> Given records
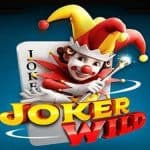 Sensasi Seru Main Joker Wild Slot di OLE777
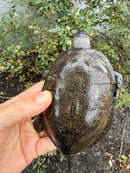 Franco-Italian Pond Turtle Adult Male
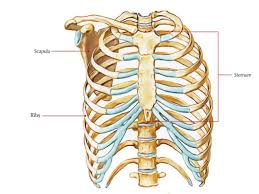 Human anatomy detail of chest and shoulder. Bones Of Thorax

* * *

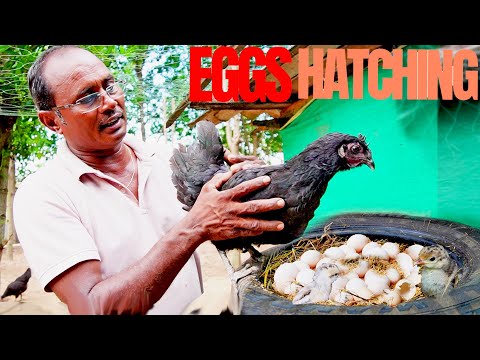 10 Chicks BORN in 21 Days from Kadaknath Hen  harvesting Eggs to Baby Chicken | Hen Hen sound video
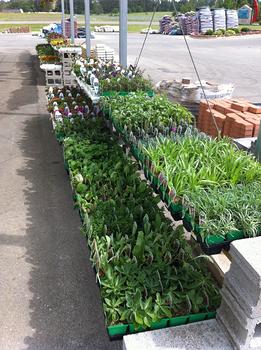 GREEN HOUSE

--

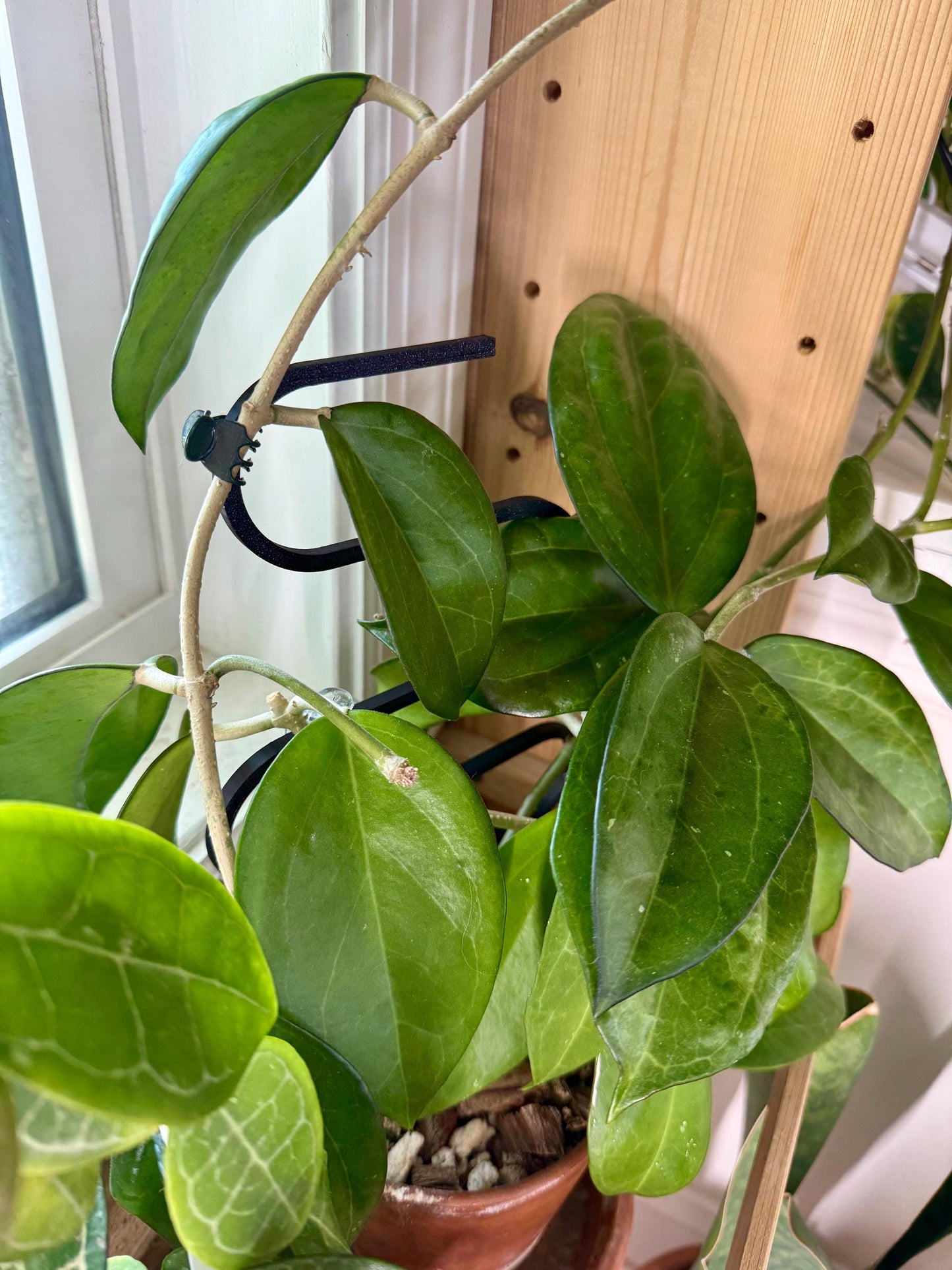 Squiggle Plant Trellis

> Goal of the exercise
The response must repeat exactly the lines above from the one with "Sensasi Seru Main Joker Wild Slot di OLE777" through the one with "Human anatomy detail", including both, and must contain no pictures and no other text.

> Response
 Sensasi Seru Main Joker Wild Slot di OLE777
 Franco-Italian Pond Turtle Adult Male
 Human anatomy detail of chest and shoulder. Bones Of Thorax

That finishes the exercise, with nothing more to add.